** EXERCISE DESCRIPTION **
Whenever a line in the entries below contains the string "residential", copy that line.

□ □ □ □

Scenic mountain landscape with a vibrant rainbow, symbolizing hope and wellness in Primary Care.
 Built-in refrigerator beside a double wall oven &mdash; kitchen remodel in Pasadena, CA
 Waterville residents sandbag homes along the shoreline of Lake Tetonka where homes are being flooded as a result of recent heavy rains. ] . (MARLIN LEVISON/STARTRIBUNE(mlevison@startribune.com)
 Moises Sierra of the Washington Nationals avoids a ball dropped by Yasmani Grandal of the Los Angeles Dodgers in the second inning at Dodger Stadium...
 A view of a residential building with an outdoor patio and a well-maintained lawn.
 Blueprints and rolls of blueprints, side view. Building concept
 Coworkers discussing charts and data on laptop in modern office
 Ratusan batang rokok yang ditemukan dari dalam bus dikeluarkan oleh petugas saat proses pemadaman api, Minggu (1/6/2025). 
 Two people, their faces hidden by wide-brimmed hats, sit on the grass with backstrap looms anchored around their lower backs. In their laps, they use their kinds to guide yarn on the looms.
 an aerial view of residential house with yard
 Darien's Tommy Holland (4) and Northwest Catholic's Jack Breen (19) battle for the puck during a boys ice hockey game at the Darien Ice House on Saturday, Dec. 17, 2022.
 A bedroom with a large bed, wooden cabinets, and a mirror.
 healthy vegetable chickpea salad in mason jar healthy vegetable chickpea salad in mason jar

□ □ □ □

** FINAL ANSWER **
 A view of a residential building with an outdoor patio and a well-maintained lawn.
 an aerial view of residential house with yard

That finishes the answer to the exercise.